We’ve already shown you how to use the BitDefender Rescue CD to clean your infected PC, but what if you wanted to achieve the same thing only without a CD over the network? In this guide, we’ll show you how.

Image by baronsquirrel

Prerequisites

  • It is assumed that you have already setup the FOG server as explained in our “What Is Network Booting (PXE) and How Can You Use It?” guide.
  • You will see the “VIM” program used as the editor, this is mainly because it is widely available on Linux platforms.

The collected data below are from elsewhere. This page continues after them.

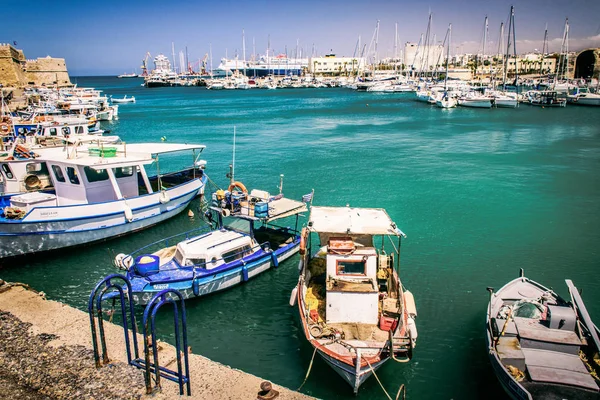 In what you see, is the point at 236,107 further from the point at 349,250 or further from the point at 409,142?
the point at 349,250

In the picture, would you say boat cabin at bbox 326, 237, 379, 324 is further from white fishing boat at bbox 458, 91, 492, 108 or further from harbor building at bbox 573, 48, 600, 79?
harbor building at bbox 573, 48, 600, 79

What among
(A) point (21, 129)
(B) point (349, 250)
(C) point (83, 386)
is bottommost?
(C) point (83, 386)

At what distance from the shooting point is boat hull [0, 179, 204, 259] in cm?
2120

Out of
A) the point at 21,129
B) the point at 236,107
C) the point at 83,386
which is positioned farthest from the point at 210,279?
the point at 236,107

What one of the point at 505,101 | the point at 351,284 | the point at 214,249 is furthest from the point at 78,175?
the point at 505,101

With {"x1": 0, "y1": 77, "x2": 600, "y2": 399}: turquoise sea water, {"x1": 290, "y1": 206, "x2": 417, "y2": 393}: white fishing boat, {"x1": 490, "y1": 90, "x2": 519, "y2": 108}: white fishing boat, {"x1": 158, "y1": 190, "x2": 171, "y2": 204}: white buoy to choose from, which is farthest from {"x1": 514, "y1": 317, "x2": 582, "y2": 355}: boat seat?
{"x1": 490, "y1": 90, "x2": 519, "y2": 108}: white fishing boat

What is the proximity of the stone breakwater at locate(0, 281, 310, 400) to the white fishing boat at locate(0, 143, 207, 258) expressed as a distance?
1109 centimetres

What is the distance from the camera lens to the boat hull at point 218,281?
1625 centimetres

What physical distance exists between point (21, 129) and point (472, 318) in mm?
44170

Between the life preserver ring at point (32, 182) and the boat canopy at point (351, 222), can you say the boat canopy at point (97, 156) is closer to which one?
the life preserver ring at point (32, 182)

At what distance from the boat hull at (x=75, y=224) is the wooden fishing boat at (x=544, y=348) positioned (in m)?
20.1

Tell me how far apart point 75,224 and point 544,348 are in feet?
74.5

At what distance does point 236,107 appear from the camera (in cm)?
10856

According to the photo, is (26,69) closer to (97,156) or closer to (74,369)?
(97,156)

You may use any other editor that you’d like.

Overview

In the The 10 Cleverest Ways to Use Linux to Fix Your Windows PC, one of the things we’ve shown, was that it is possible to install an antivirus and scan your computer from an Ubuntu LiveCD. With that said, what if you wanted to make absolutely sure that your computer is not infected by scanning it with another antivirus?

To that end, you could use another antivirus rescue CD, and there are some out there that we have reviewed in the past like Kaspersky and Avira. The clever thing is, what if you wanted to add this additional tool to your PXE server, so you’d never again have to look for the CD of the utility?

We’ve done the legwork and found that, even though it requires some TLA post boot, the BitDefender Rescue CD is by far the easiest to get PXEable from the above options.

In the “How to Setup Network Bootable Utility Discs Using PXE” guide, we’ve promised that we will give another example for the “Kernel + Initrd + NFS method” and we shall deliver. The principle here is just the same as for the How To Network Boot (PXE) The Ubuntu LiveCD.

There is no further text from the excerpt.